De acordo com o pesquisador do Ipea Camillo Bassi, aumentar de 30% para 50% a parcela do Fundeb que serve para cálculo do piso da Educação abriria espaço fiscal acumulado de R$ 33 bilhões para o governo até 2026 sem mexer no piso, sem cortar recursos do Fundeb e sem desvincular receitas - hoje, os pisos de Saúde e Educação são vinculados à arrecadação do governo.
O cálculo simula o efeito em três anos (2024, 2025 e 2026) se a mudança estivesse em vigor. Com a alteração, seriam necessários menos recursos que não fazem parte do Fundeb para cumprir o piso da Educação. Além disso, a mudança não depende de alteração na Constituição, mas apenas de um projeto de lei com aprovação da maioria simples dos parlamentares.

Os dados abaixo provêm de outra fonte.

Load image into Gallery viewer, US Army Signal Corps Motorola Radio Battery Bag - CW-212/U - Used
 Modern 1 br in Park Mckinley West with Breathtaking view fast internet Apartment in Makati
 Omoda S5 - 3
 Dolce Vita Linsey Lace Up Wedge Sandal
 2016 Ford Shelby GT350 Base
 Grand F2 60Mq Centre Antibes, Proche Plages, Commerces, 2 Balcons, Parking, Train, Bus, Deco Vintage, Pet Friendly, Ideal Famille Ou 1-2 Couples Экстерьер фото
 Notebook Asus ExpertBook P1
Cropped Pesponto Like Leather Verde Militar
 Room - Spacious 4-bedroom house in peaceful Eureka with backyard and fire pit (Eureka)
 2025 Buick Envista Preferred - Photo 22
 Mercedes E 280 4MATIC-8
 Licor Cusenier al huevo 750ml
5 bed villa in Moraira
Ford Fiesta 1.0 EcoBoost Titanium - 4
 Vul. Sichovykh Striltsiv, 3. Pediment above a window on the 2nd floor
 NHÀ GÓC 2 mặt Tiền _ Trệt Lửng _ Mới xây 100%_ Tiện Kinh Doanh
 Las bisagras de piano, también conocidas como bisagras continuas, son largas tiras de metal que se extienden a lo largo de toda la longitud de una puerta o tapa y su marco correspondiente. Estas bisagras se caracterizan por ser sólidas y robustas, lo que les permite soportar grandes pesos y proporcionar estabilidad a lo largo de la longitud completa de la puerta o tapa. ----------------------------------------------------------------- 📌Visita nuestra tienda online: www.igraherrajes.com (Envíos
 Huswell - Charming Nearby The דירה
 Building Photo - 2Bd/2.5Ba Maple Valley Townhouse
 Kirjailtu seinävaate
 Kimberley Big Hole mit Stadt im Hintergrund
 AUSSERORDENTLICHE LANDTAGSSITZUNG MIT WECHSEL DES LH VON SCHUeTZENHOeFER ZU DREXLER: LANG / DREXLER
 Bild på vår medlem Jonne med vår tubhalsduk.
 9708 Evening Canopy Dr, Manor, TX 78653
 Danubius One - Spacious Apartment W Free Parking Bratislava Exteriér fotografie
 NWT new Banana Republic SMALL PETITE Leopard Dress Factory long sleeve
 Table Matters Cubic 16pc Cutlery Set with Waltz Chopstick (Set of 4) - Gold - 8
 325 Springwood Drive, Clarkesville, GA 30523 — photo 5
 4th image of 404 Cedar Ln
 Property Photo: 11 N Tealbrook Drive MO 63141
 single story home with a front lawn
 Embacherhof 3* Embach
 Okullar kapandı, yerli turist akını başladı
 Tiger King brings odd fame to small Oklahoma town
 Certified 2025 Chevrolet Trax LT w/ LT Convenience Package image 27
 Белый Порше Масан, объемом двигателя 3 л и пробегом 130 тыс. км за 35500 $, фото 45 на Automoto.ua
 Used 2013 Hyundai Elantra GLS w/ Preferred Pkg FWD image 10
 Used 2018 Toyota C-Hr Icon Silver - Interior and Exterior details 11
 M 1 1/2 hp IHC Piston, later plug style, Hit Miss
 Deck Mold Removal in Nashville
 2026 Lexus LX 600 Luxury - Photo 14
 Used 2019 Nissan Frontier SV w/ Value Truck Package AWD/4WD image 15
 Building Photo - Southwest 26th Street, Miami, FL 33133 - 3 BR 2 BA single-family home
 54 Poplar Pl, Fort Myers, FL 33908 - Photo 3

Para Camillo Bassi, a mudança daria mais "racionalidade" para a contabilidade dos gastos do governo. Além do espaço fiscal, a alteração também diminui o impacto do Fundeb no resultado primário da União. No cenário em que a fração aumenta de 30% para 50%, o peso do fundo no resultado cairia de R$ 123 bilhões para R$ 116 bilhões em 2024 e de R$ 166 bilhões para R$ 157 bilhões em 2026.
"É a única solução ou retoma o teto de gastos (que suspendeu o piso da Educação vinculado à arrecadação por um crescimento atrelado apenas à inflação)", diz Bassi. "Quando você aumenta a fração da complementação da União no Fundeb como ação de manutenção e desenvolvimento do ensino (piso da Educação), o hiato se estreita e a contabilidade ganha racionalidade."
O Ministério do Planejamento avalia outras alternativas para o Fundeb. Segundo apurou a reportagem com interlocutores a par das conversas, há hoje quatro propostas em discussão, ainda em estado incipiente.
FALTA SINAL VERDE
A mudança no Fundeb - vista com resistência no Ministério da Educação, segundo apurou a reportagem - ainda terá de passar pelo crivo do presidente Luiz Inácio Lula da Silva. Tebet conversou sobre o assunto com Lula, que deu autorização para a ministra falar sobre o tema e pautar a discussão, após ele ter descartado mudanças nos pisos da Saúde e da Educação. O presidente, porém, ainda não deu sinal verde para uma mudança efetiva no fundo.
A equipe deseja apresentar uma proposta ainda no primeiro semestre de 2025. A leitura é de que a janela para aprovar alguma mudança neste mandato se limita ao próximo ano, uma vez que 2026 é ano eleitoral.
As informações são do jornal O Estado de S. Paulo.